We all live in one of 18 neighborhoods, which is the foundation of our entire community. We are Burienites no matter what group, or groups, we identify with. Even if you do not identify with any specific group in Burien, you still belong to a neighborhood in Burien. Can you name your neighborhood? Can you name all 18 Burien neighborhoods? Why should we care?
Excitement about our neighborhoods’ potential isn’t hard to understand. Neighborhoods–whether in cities, suburbs, or small towns–are the level where people interact most regularly and naturally. Neighborhoods provide a ready-made forum for tackling problems like traffic, crime, or social alienation that seem too daunting to address on the national or municipal scale.

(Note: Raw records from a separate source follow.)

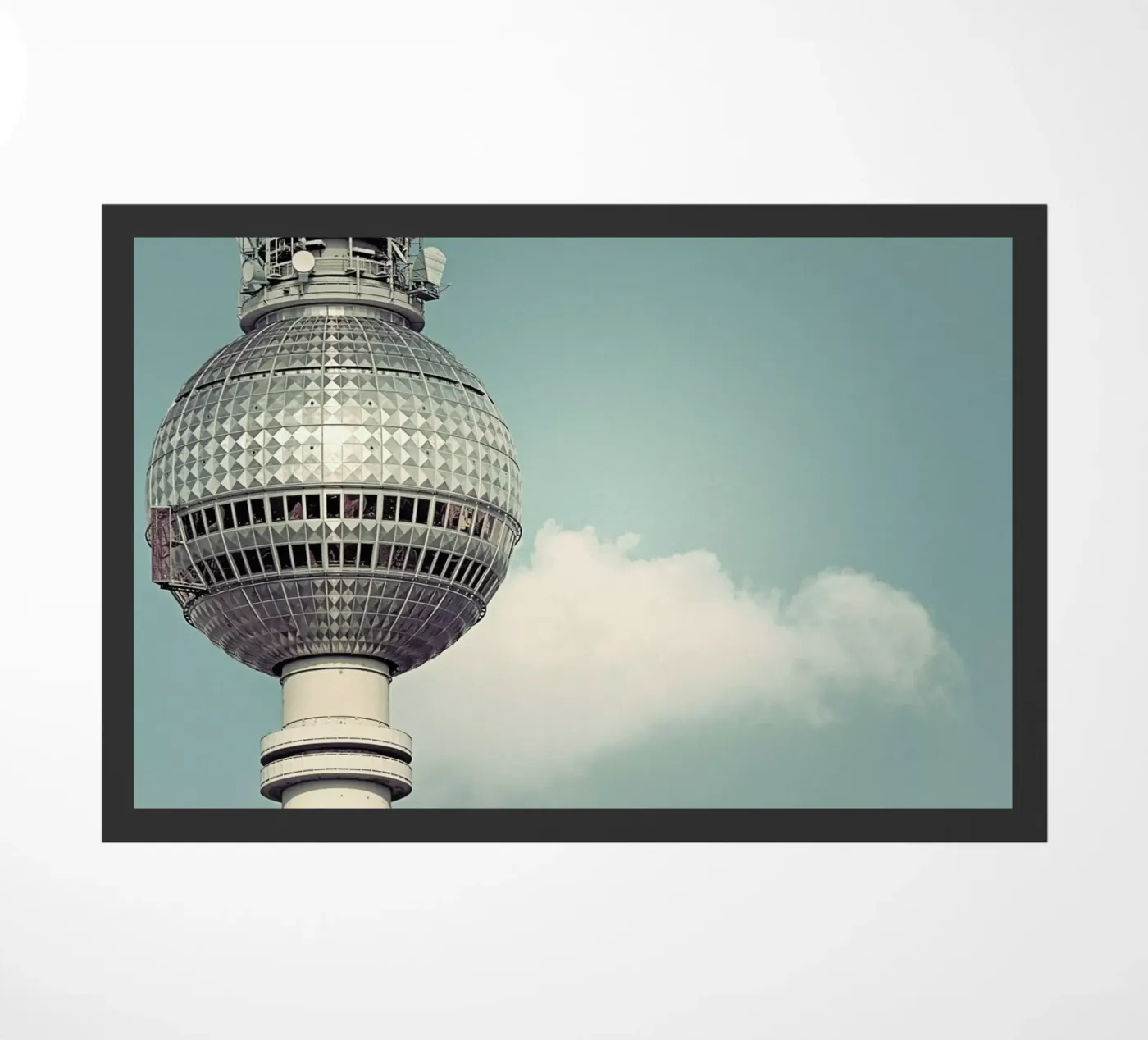 Fernsehturm deurmat van Michael Belhadi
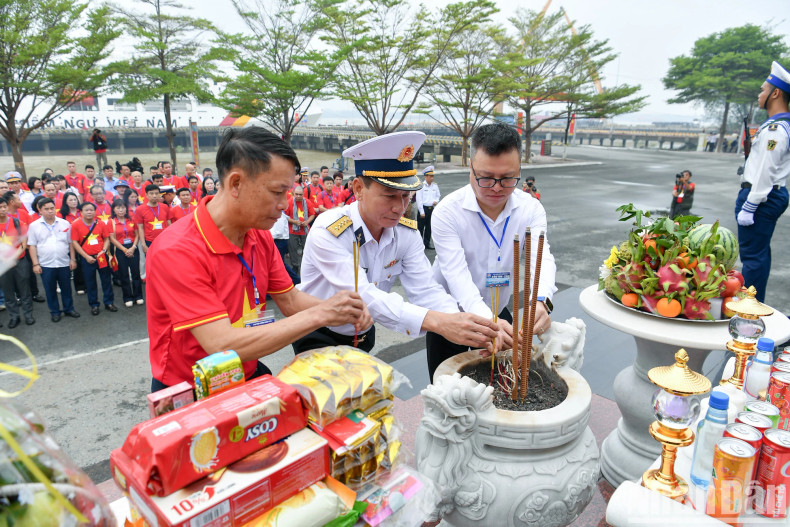 Colonel Do Hong Duyen, Deputy Political Commissar of Naval Region 2 and Head of the Delegation (centre), joins other delegates in offering incense at the monument.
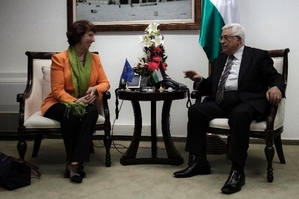 Šéfka unijní diplomacie Ashtonová a palestinský prezident Abbás.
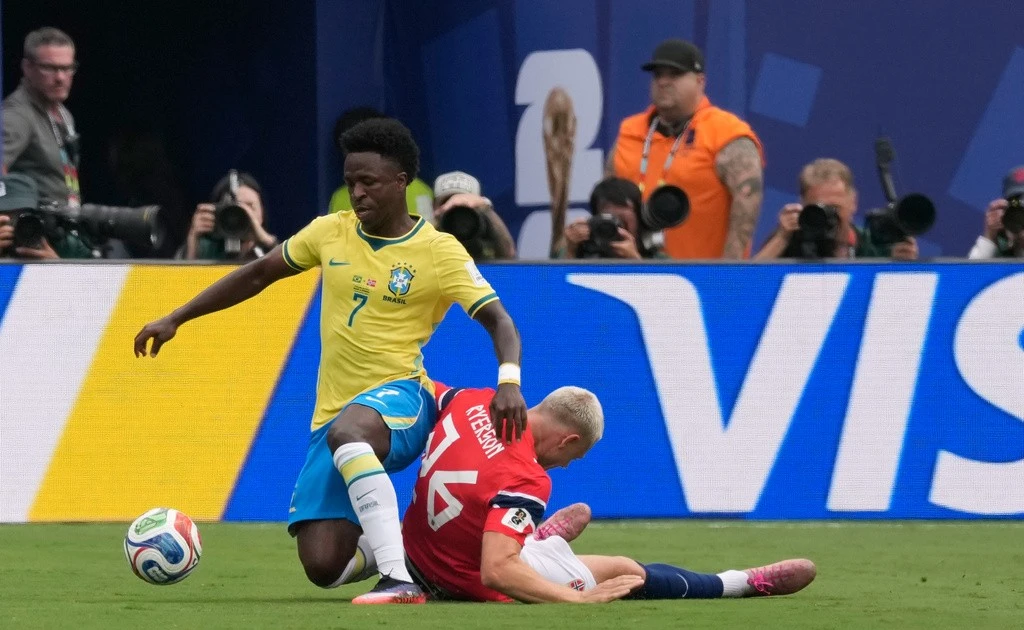 Trực tiếp Brazil vs Na Uy 0-0 (hiệp 2): Halaand chỉ thiếu một chút là có bàn thắng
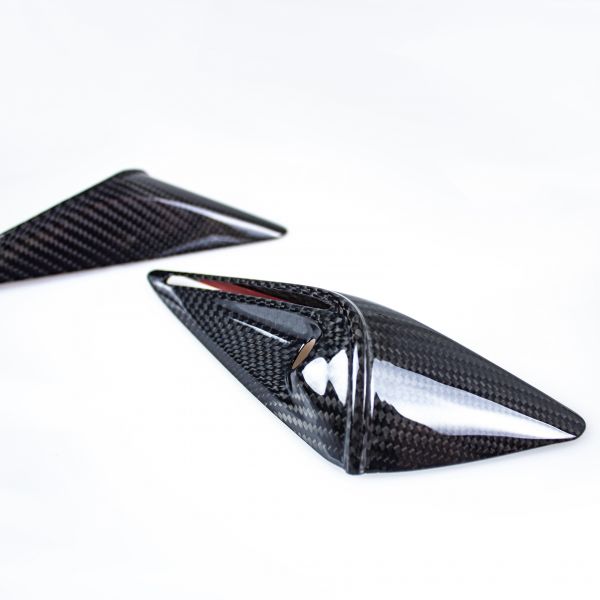 Tapa lateral de carbono para cámara Tesla Model S y Model X 2022 +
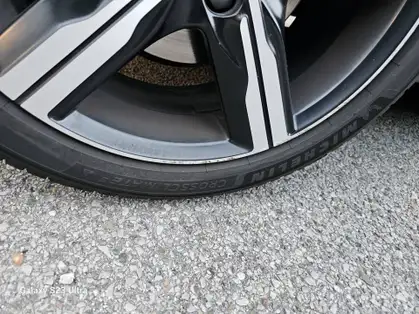 VOLVO V40 T2 122 Geartronic 6 R-Design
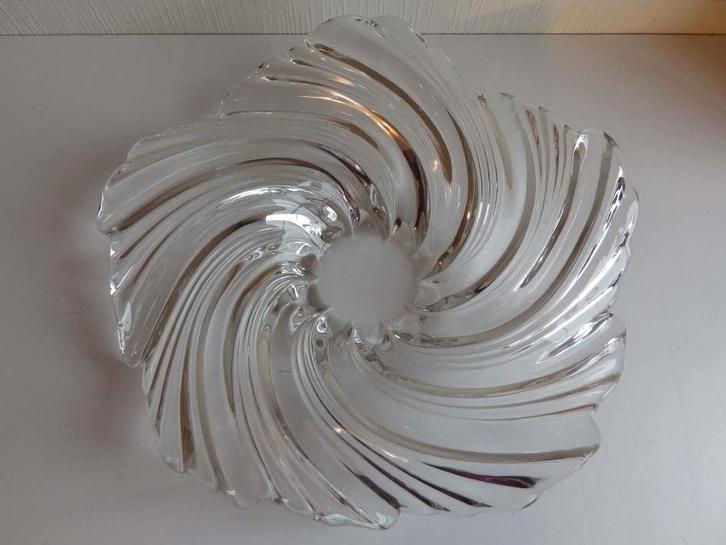Grote Decoratieschaal in Kristalglas., Huis en Inrichting, Woonaccessoires | Schalen en Manden, Zo goed als nieuw, Schaal, Rond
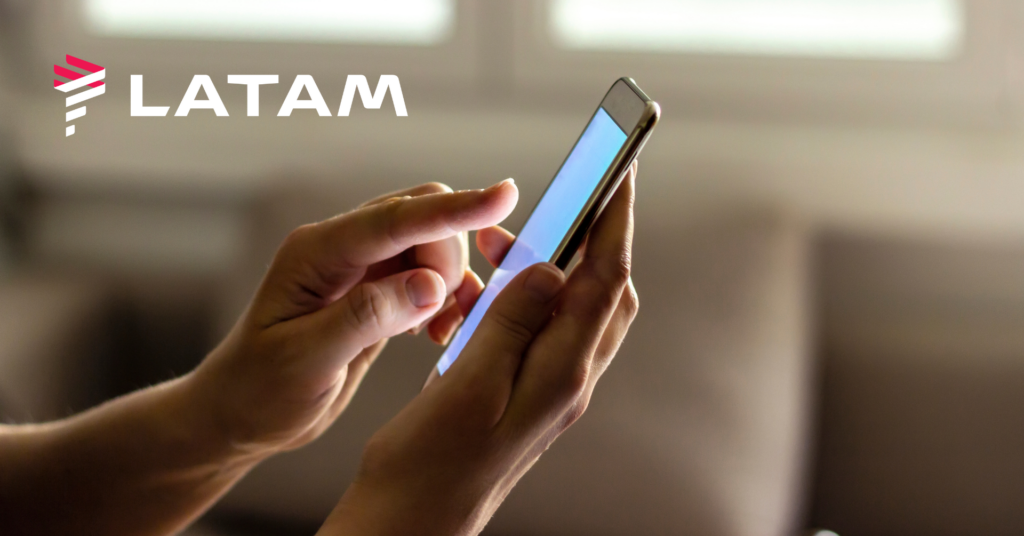 Pagar por uma viagem ficou muito mais simples. A LATAM liberou o suporte ao Apple Pay dentro do seu aplicativo, permitindo que usuários de iPhone paguem por voos, escolha de assentos, bagagem extra e seguro viagem por aproximação, sem precisar tirar o cartão da carteira.

O movimento deixa claro que as carteiras digitais sem contato estão virando o padrão para quem viaja, e as companhias aéreas correm para acompanhar essa mudança.

Para quem cruza fronteiras com frequência, combinar esse checkout sem atrito com uma conta multimoeda inteligente deixa cada viagem mais barata e prática. A Nomad é uma ótima opção para gastos no exterior, com o código de indicação TWUSX2GB7T, e a Wise se destaca em transferências internacionais de baixo custo e cartão global.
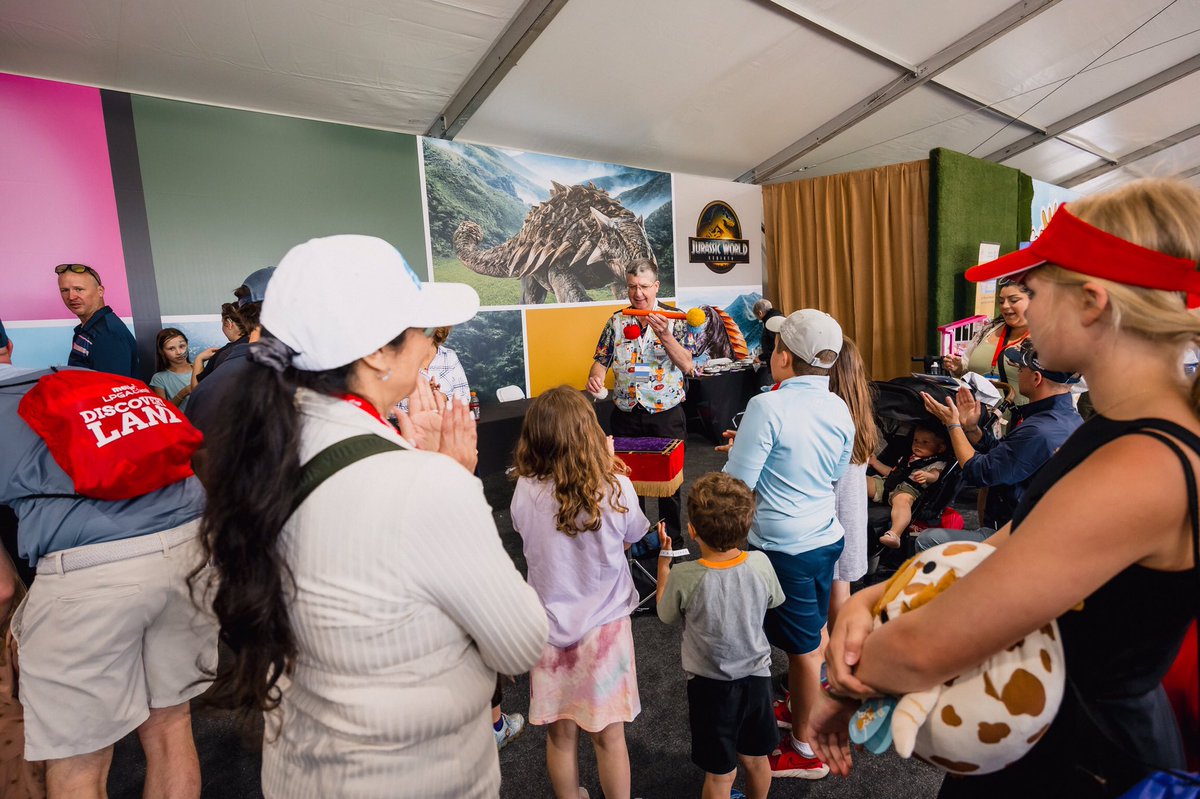 vanderwalmagic's tweet image. Just received six pics of me performing magic at this year’s Meijer LPGA Classic held Father’s Day weekend.  First pic is Steven Izzo and me.  Full post at instagram.com/p/DMIijTIsciB/…

#iwork4meijer 
#meijerlpgaclassic 
#vanderwalmagic 
#vanderwalmagicshows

Even in communities where there are no pressing troubles, the neighborhood remains an ideal setting for important work such as restoring a park, enlivening a business district, or boosting an inherent “sense of community.” Let’s see the possibilities of learning to know each other.
Here is one example.
Building A Neighborhood Community for 1500-years
Look at Siena, Italy. The city is about the same size as Burien in population and has almost the same number of neighborhoods. No other city in the world has a stronger neighborhood community. Each neighborhood has its own crest or logo. Each year they celebrate with songs, food, drink, parades, even a 120-second horse race twice per year, where each neighborhood competes for fun. Poor neighborhoods are joined with wealthy ones to build their community. While very diverse, they join together to celebrate their neighborhoods. Burien can learn from Siena and build something even greater.
Here are Siena’s neighborhood flags or logos next to Burien’s.
Hello Shorewood, Salmon Creek, Beverly Park, Southern Heights, Boulevard Park, Ingelsea, Evansvale, Seahurst, Chelsea Park, Highline, Maplewild, Lake Burien, Downtown, Sunnydale, Three Tree Point, Gregory Heights, Five Corners, and Manhattan. Let’s try to get to know each other.